Last fall, NBC 5 Investigates and The Dallas Morning News first revealed hundreds of complaints from ill and injured active duty soldiers in Texas.
Those Texas soldiers said WTU commanders harassed, belittled them and ordered them to do things that made their conditions worse at three Army posts in Texas: Fort Hood, Fort Bliss and Fort Sam Houston.


Major General Dana Pittard leaving after 3 officers committed suicide

Darren Hunt of KCIA News reported on Monday, All three suicides at Fort Bliss this year were officers
"The Pentagon says nearly 350 U.S. Military service members committed suicide last year.

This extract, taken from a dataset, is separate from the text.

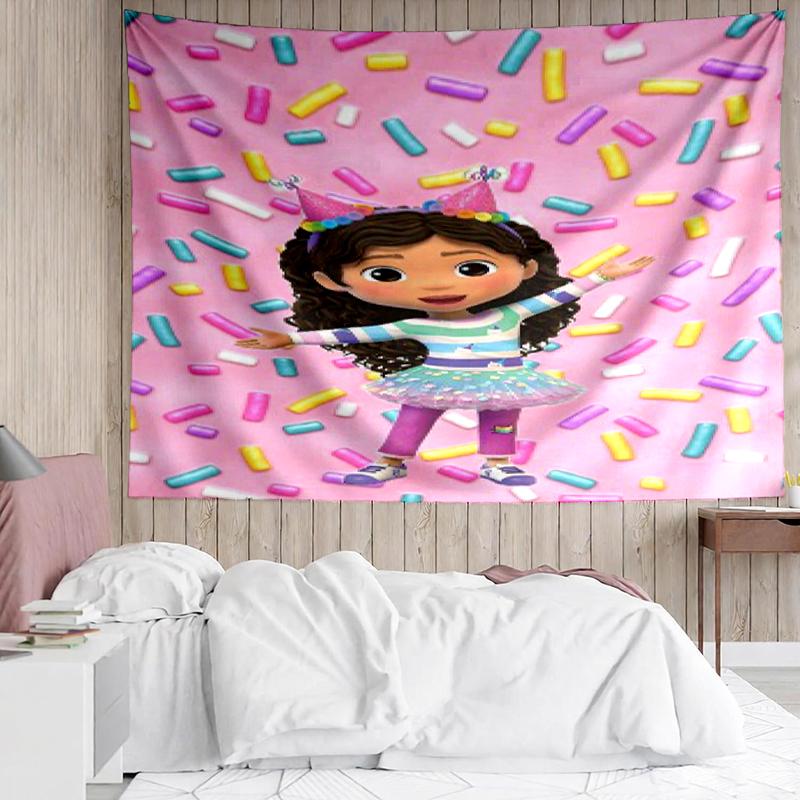 Gabby’s Dollhouse Print Tapestry, Backdrop, Easy Setup, Ideal for Bedroom, Office & Living Room, with Aesthetic Wall Hanging Decor.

Among those were five Army soldiers at Fort Bliss.

This year, three more suicides, all with something in common -- they were non-commissioned officers.

Sunday night on ABC-7 Xtra, Fort Bliss' outgoing commanding general confirmed the latest suicide happened just last week.
Anthony Fusco last Monday at his Northeast El Paso home -- a day after buying a gun at the PX -- has Pittard talking about refocusing the program.
But if the reporter cannot pay attention all along, the least effort that can be made is to actually get informed about what has been going on. After the fantastic reporting done by the Dallas Morning News series "Injured Soldiers Broken Promises" of the real facts of what our soldiers were going through after asking for help, it should have been important enough to pay attention to.